▶ **TASK DETAILS**
Starting at the line below that contains "Bella giovane donna" and ending at the line that contains "105 Montecito Lane", retype each line exactly as it stands, but omit the pictures.

====== SUPPLIED INFORMATION

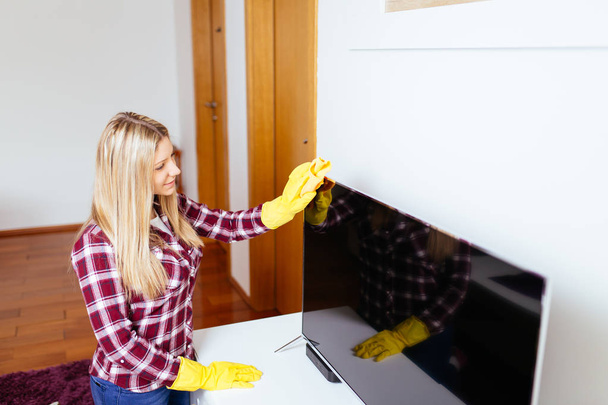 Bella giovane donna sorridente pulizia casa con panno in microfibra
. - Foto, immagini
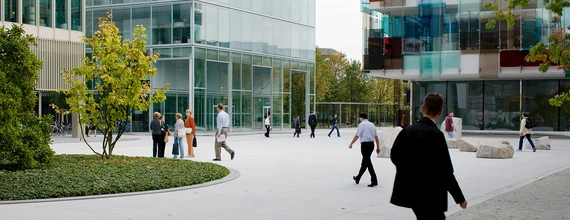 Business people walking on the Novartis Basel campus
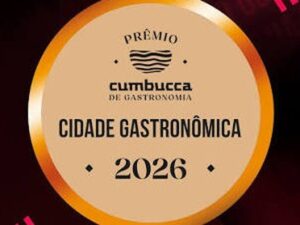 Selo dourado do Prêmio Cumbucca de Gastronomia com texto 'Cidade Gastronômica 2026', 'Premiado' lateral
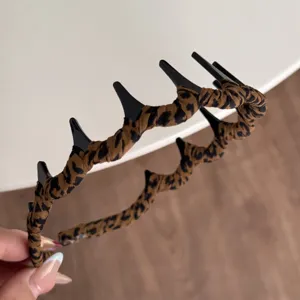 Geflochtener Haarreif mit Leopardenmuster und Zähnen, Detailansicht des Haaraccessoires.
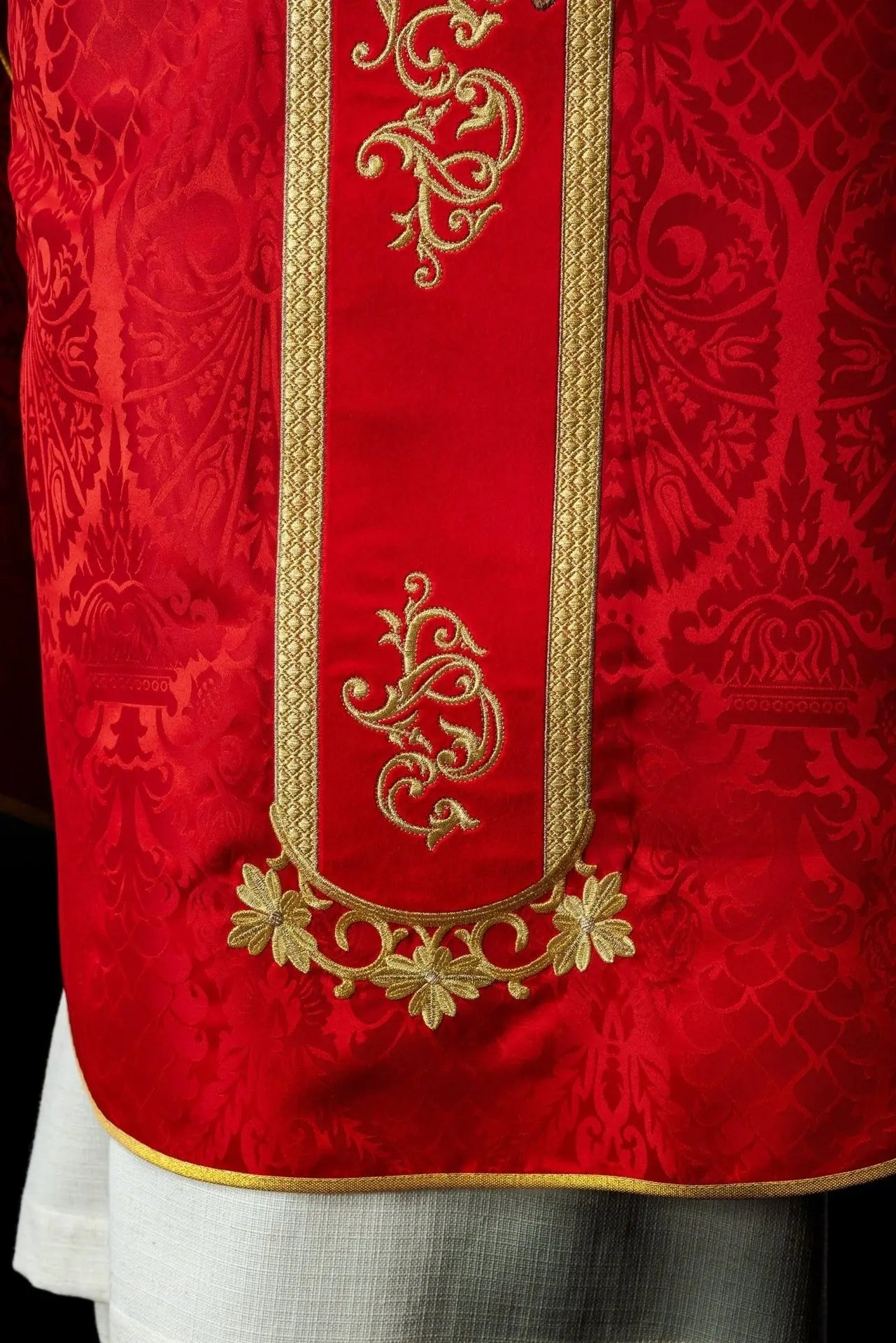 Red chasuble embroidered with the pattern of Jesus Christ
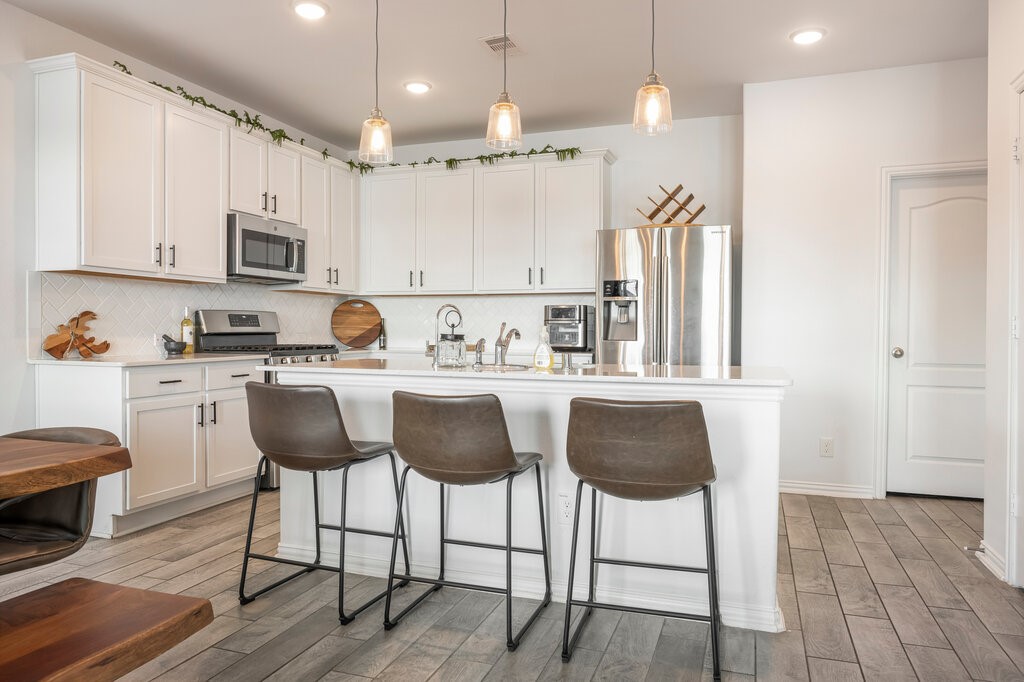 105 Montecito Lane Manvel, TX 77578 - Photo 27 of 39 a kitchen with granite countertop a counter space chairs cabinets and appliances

============
====== SUPPLIED INFORMATION

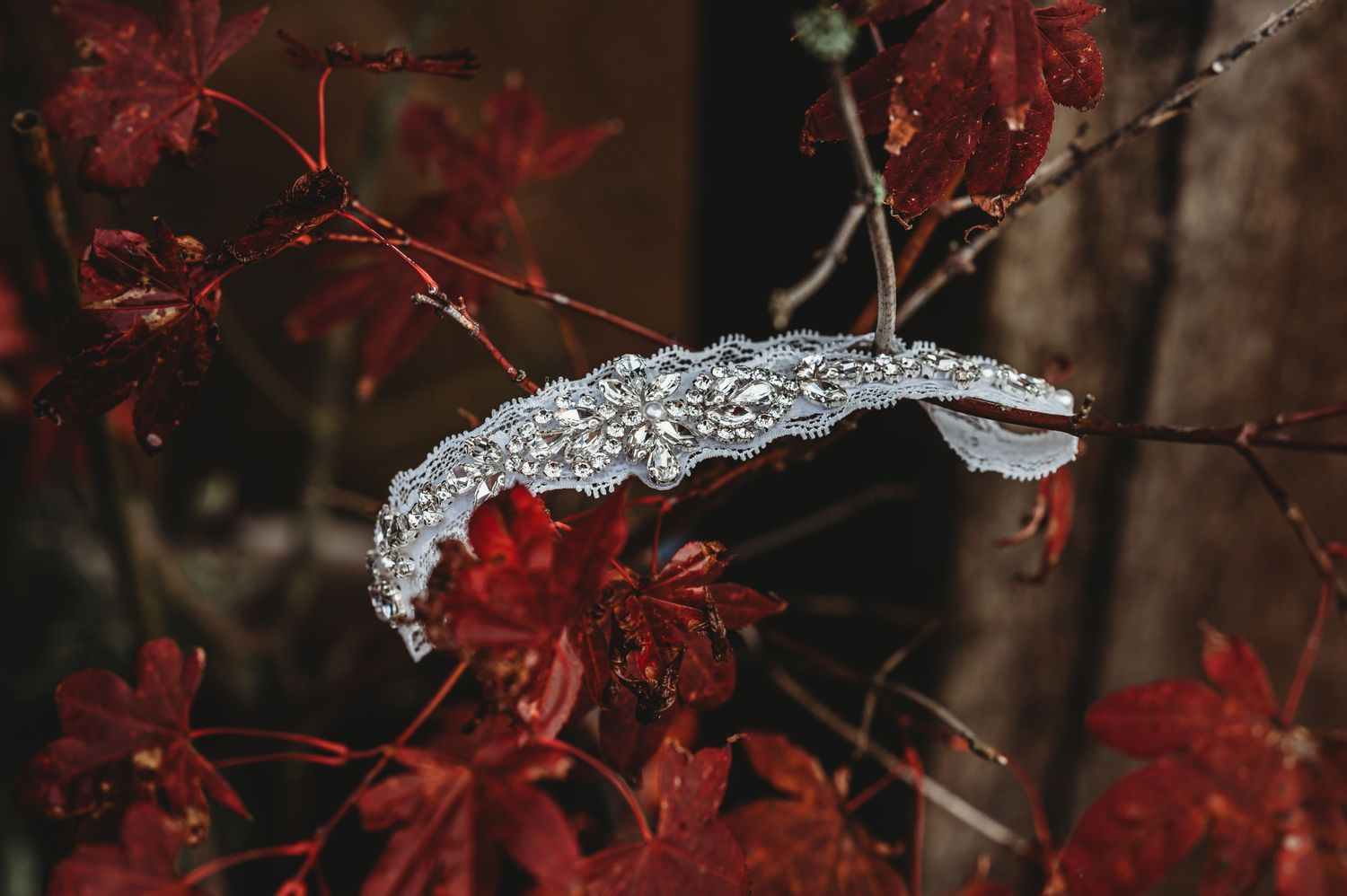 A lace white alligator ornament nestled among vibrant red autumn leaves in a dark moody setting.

============
====== SUPPLIED INFORMATION

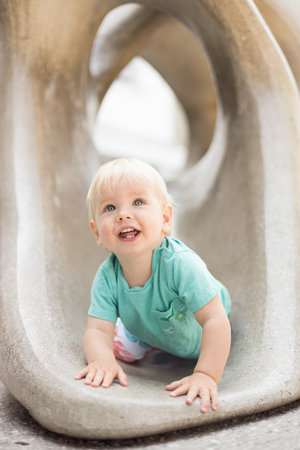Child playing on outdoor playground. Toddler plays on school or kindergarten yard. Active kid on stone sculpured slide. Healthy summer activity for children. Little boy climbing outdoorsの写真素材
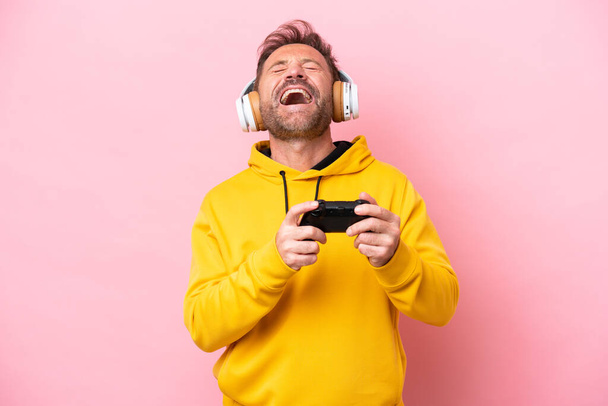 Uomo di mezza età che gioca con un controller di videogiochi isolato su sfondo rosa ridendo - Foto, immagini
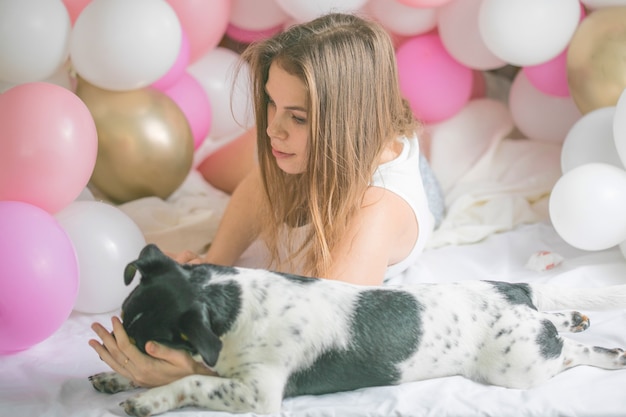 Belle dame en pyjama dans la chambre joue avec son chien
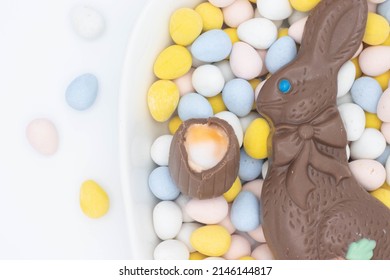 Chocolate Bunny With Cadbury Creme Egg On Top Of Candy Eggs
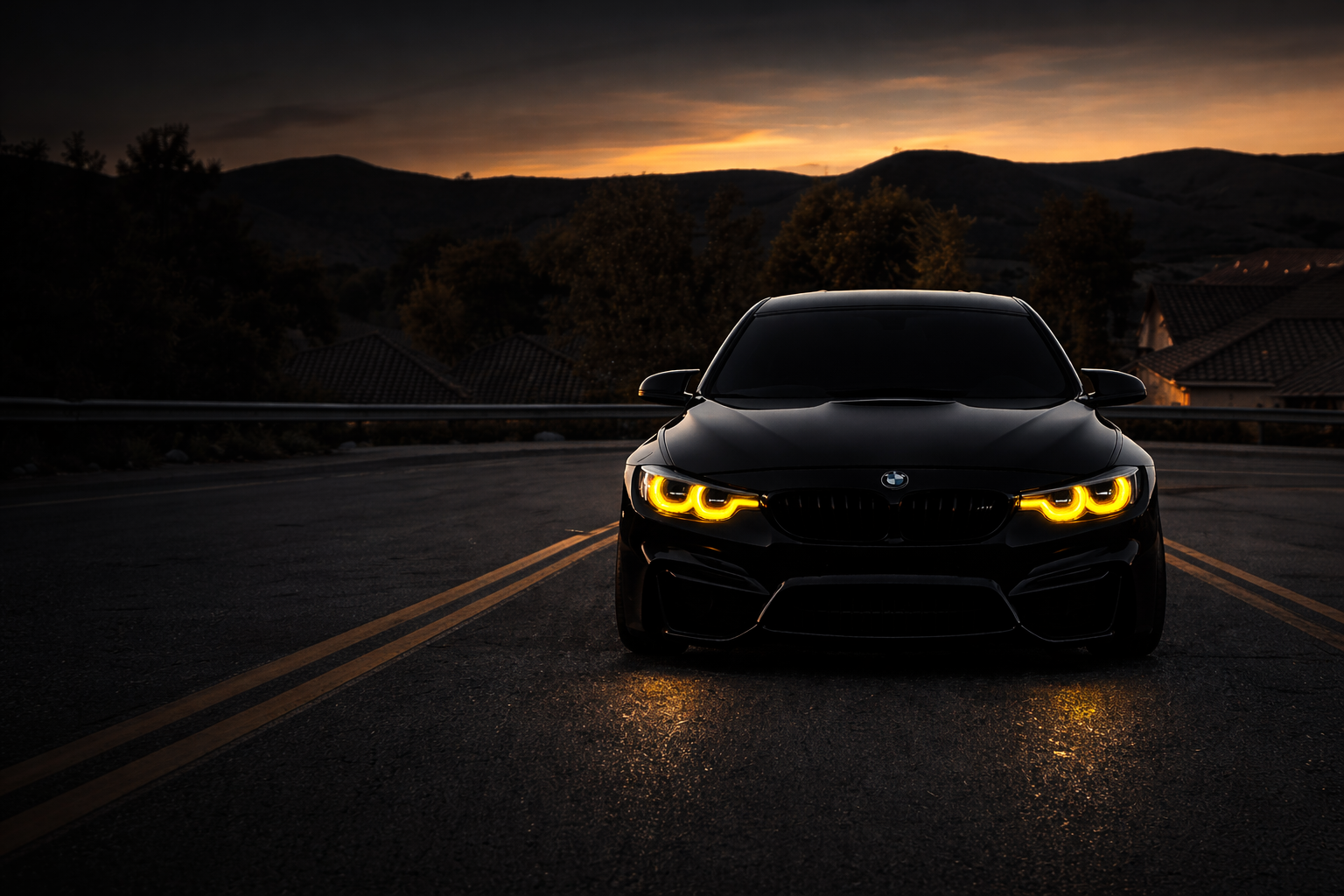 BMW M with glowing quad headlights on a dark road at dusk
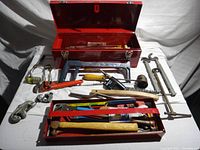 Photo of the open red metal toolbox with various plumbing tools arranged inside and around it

============

▶ **REPLY**
 Bella giovane donna sorridente pulizia casa con panno in microfibra
. - Foto, immagini
 Business people walking on the Novartis Basel campus
 Selo dourado do Prêmio Cumbucca de Gastronomia com texto 'Cidade Gastronômica 2026', 'Premiado' lateral
 Geflochtener Haarreif mit Leopardenmuster und Zähnen, Detailansicht des Haaraccessoires.
 Red chasuble embroidered with the pattern of Jesus Christ
 105 Montecito Lane Manvel, TX 77578 - Photo 27 of 39 a kitchen with granite countertop a counter space chairs cabinets and appliances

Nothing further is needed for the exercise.